── DATASET CONTENT ──
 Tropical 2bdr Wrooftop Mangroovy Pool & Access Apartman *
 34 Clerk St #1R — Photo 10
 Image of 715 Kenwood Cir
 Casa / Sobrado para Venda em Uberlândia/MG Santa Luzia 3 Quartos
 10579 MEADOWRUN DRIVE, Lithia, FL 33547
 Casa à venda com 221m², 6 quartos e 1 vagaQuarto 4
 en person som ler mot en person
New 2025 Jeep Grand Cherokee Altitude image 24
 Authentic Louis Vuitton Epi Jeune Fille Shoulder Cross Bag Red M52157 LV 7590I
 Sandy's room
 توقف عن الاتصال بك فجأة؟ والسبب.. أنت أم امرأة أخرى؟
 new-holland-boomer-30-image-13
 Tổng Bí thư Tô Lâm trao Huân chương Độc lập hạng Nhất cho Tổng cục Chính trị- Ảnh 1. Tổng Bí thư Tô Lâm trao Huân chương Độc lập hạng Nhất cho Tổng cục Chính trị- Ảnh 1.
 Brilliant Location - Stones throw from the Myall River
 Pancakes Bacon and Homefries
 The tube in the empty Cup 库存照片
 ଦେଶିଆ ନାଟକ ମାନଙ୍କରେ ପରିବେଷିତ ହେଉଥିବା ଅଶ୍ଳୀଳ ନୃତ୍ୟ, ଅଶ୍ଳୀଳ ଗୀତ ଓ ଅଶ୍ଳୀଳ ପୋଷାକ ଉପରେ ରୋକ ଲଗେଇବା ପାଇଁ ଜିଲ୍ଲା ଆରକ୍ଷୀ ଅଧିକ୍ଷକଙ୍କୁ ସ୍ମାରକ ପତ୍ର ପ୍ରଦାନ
───
ABOUT THIS EXERCISE. Output only the lines from the one that contains "Brilliant Location - Stones" through the final line of the records, exactly as given.

SOLVED EXERCISE.
 Brilliant Location - Stones throw from the Myall River
 Pancakes Bacon and Homefries
 The tube in the empty Cup 库存照片
 ଦେଶିଆ ନାଟକ ମାନଙ୍କରେ ପରିବେଷିତ ହେଉଥିବା ଅଶ୍ଳୀଳ ନୃତ୍ୟ, ଅଶ୍ଳୀଳ ଗୀତ ଓ ଅଶ୍ଳୀଳ ପୋଷାକ ଉପରେ ରୋକ ଲଗେଇବା ପାଇଁ ଜିଲ୍ଲା ଆରକ୍ଷୀ ଅଧିକ୍ଷକଙ୍କୁ ସ୍ମାରକ ପତ୍ର ପ୍ରଦାନ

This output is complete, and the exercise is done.